The post() handler looks up the cache, finds nothing, and creates a new top-level Slack
message instead of a thread reply.
The fix: write both the DB row and the in-memory entry before calling
gateway.receiveHumanMessage().
if (slackTs != null) {
threadCacheStore.save(channelRef.id(), corrId, slackTs); // DB first
threadCache.computeIfAbsent(channelRef.id(), k -> new ConcurrentHashMap<>())
.put(corrId, slackTs); // memory second
}
gateway.receiveHumanMessage(channelRef, // dispatch last
new InboundHumanMessage(senderId, content, receivedAt, metadata, corrId.toString(), null));
Obvious in hindsight. The natural mental model is receive → process → write state on the way out. Here, the state needs to be on the way in.
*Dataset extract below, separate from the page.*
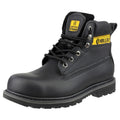 Black - Front - Amblers Steel Mens FS9 Steel Toe Cap Boot - Mens Boots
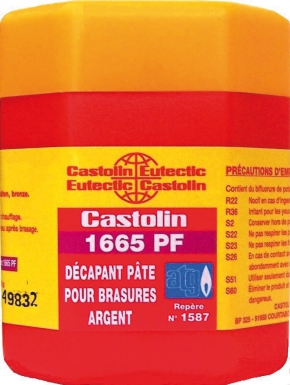 CASTOLIN 1665 PF STRIPPER GDF APPROVED - FOR 1665 BRAZING - 200 G BOX. Nigeria-Materiels.com is your trusted partner for industrial and plumbing needs. Shop with us for reliable solutions.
Two unexpected gotchas during integration testing.
After a JPQL bulk DELETE in deleteByChannelId, em.find() returned the deleted entity
from Hibernate’s L1 cache. The row was gone from H2; the persistence context still had
it. Switching findByChannelId to a JPQL SELECT query was the surgical fix — JPQL queries
go to the DB rather than reading from the first-level cache.
The bigger surprise was quarkus.hibernate-orm.qhorus.packages. The qhorus PU only scans
io.casehub.qhorus.runtime and io.casehub.ledger.runtime. The new slack entities live
in io.casehub.qhorus.slack. Without that package in the test configuration, Hibernate
throws Unknown entity type even though the jar is Jandex-indexed. Any future optional
qhorus module that ships JPA entities will hit the same wall.
The module builds clean and the issue is closed. The thread cache is the part worth remembering — not for Slack specifically, but for any system where a correlation mapping must exist before the first handler fires.